A Flex Primer

Flex is a preprocessor. Flex can generate C or C++ compatible code. It is essentially the same program as Lex with a few changes.

A Flex program has 3 sections: definitions, rules, user subroutines. Each section is separated by a pair of percents signs (%) in the first column. The form is roughly like:

definitions
%%
rules
%%
user subroutine section

The Definition Section

In the definitions section you can have a region of text that is explicitly copied to the output. This section usually contains includes, global variables declarations and prototypes of functions declared in the user subroutine section. This region of copied code is contained between %{ and %} Warning: It is NOT   %{ and }%!:

%{
code to copy into the final program
%}

After this can come pattern macros and few other options.

Pattern Macros are defined by giving a name followed by the definition. For example: name [a-z][a-z0-9]*

The Rules Section

The rules section contains pattern/action pairs.

pattern action
pattern action
pattern action

The user subroutine section, of course, contains user subroutines and the main program which usually invokes the yylex subroutine.

Patterns are regular expressions for matching strings.
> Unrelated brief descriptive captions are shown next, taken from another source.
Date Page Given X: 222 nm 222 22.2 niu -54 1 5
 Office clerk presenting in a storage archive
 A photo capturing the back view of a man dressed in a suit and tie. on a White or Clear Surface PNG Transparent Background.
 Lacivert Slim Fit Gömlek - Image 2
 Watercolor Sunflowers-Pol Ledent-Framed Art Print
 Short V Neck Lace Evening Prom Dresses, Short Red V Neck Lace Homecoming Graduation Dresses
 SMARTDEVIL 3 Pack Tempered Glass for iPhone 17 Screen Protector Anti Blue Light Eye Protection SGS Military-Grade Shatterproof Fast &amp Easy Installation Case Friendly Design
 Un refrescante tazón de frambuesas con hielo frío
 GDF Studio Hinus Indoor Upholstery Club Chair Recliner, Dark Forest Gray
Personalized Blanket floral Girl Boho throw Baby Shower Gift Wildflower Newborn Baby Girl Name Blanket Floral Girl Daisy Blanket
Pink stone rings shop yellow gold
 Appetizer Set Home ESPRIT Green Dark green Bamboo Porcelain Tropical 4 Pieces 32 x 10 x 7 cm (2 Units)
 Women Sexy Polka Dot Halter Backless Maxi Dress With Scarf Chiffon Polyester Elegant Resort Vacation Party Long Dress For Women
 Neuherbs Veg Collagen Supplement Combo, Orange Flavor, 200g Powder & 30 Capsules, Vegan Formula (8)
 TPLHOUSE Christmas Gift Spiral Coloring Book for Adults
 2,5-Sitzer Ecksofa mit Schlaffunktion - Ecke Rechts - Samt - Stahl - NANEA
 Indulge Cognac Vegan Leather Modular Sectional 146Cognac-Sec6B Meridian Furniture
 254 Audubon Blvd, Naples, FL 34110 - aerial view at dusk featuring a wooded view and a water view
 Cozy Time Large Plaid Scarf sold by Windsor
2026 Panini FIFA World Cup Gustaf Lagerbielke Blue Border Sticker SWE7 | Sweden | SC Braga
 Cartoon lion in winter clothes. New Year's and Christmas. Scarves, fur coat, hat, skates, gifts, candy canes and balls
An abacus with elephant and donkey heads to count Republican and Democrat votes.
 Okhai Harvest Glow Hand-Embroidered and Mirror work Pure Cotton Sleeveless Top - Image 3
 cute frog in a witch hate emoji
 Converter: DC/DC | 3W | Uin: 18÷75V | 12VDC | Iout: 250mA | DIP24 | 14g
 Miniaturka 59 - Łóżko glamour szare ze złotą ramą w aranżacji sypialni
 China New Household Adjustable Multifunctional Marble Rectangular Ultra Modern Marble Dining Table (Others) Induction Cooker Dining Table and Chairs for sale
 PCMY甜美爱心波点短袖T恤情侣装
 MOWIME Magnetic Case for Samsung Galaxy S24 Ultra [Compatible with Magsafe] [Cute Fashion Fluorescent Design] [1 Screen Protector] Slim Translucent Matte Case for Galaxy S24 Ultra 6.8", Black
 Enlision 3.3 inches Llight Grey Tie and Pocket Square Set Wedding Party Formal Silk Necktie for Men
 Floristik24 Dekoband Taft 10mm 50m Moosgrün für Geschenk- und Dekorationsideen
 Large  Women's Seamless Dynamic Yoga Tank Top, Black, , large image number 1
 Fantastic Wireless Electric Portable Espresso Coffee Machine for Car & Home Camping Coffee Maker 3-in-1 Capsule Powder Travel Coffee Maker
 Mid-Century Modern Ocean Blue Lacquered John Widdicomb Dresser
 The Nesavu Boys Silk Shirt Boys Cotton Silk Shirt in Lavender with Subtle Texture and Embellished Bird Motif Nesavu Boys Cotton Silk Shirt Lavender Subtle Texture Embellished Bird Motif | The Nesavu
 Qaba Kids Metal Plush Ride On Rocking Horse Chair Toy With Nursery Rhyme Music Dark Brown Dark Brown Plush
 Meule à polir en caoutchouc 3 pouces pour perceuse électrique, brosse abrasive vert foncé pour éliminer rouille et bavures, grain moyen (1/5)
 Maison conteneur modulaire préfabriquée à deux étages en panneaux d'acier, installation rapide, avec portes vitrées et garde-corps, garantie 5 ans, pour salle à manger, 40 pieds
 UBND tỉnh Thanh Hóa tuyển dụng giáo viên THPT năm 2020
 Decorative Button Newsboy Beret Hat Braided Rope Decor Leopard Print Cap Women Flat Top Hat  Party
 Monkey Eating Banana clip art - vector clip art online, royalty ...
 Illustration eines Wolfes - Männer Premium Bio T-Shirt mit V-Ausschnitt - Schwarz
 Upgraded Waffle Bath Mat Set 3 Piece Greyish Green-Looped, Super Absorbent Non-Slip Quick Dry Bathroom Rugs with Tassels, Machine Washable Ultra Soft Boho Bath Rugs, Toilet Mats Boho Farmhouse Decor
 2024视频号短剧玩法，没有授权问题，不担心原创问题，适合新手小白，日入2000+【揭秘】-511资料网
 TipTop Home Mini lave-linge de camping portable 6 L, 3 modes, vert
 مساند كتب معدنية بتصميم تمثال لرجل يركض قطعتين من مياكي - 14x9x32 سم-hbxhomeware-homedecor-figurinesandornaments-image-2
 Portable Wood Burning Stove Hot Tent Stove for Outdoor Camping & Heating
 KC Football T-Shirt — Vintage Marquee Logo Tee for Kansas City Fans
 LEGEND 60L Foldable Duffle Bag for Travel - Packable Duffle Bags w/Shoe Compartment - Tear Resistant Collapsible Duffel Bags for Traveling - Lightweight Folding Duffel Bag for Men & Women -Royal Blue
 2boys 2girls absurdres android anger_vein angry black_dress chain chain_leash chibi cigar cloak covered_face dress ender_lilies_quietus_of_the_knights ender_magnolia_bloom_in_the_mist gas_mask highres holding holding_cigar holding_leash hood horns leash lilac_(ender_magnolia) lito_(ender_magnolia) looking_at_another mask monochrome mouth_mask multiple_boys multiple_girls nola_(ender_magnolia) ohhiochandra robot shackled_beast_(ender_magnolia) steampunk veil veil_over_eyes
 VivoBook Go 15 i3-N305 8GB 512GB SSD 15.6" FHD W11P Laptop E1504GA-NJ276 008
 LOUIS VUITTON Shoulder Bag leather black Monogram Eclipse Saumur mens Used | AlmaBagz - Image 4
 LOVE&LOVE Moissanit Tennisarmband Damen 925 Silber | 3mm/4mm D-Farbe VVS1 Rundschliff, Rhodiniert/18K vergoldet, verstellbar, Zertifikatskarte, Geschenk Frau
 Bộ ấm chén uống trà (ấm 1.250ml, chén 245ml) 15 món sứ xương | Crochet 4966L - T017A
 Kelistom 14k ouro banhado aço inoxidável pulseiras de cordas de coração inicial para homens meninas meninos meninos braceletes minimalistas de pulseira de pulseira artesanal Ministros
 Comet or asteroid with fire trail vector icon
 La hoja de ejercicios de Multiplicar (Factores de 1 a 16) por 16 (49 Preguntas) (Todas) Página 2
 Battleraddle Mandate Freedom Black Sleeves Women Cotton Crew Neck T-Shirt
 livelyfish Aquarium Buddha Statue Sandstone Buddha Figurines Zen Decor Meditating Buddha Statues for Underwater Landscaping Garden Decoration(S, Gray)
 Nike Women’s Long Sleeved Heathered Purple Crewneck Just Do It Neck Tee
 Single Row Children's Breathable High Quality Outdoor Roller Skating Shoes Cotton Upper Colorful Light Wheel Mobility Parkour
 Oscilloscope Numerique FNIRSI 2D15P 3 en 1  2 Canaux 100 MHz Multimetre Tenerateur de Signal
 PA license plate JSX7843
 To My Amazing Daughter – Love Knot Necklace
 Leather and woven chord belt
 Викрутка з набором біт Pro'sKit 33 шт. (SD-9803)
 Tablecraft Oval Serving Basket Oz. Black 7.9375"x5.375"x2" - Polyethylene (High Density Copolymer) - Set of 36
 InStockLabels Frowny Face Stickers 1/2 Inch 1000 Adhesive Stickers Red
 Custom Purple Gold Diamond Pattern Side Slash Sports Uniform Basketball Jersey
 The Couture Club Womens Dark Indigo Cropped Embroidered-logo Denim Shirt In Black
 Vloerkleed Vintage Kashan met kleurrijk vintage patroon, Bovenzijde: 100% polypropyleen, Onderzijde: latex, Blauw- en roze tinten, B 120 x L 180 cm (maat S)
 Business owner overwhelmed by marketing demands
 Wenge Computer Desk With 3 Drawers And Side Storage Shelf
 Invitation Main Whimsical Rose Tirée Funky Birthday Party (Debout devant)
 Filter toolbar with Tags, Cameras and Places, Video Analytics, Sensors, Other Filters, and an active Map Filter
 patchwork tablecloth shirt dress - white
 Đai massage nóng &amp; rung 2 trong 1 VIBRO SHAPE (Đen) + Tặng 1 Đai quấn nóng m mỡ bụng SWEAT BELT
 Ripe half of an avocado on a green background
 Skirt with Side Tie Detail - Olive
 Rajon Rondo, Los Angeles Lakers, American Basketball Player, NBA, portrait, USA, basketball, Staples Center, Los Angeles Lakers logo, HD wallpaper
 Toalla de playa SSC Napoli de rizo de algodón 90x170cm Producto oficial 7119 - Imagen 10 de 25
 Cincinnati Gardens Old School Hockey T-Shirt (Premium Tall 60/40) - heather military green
  Any character that does not have special meaning matches itself.
\t matches tab
\n matches newline
. dot matches any char except a newline
\ is used to make any special character lose its special status and match just the character, except in the special cases where the \ character has a meaning in C such as tab or newline.
* matches 0 or more copies of the pattern preceding the *
+ matches 1 or more copies of the previous pattern
? matches 0 or 1 copies of the previous pattern
{x,y} x through y copies of the previous patterns
[ ] character set. If (^) is the first character it is the inverse or complement of the character set about to be specified. - in between two characters in a character set means range of characters as in [a-z] means the lowercase letters and [aeiou] means the vowels and [a-zA-Z] means all letters. Note that if you use the not character (^) that the resulting character class pattern will match \n
/ means "match if followed by" for example dog/cat match the 3 characters "dog" if followed by the three characters "cat". "cat" is not actually matched.
$ at the end of a pattern matches at the end of line
^ at the beginning of a pattern matches beginning of line
| alternation. cat|dog means cat or dog.
"" are takes the contents of the string as characters and not as special pattern characters.
( ) grouping. (cat|dog)+ is one or more occurrances of cat or dog.
{name} is the invocation of the pattern macro named name that was defined in the definition section.

Warning: Anytime you want to match a string that contains any suspicious characters such as say > or < you should enclose the constant characters in quotes. For example: dogs"<"[0-9] matches the word dogs followed by < followed by a digit. See A Regular Expression Primer for a comparison with other regular expression using tools.

The four rules for matching tokens are:

  1. characters are only matched once. That is, each character is matched by only one pattern.
  2. longest matching string gets matched first. That is, if one pattern matches "zin" and a later pattern matches "zinjanthropus" the second pattern is the one that matches.
  3. if same length of matching string then first rule matches.
  4. if no pattern matches then the character is printed to standard output.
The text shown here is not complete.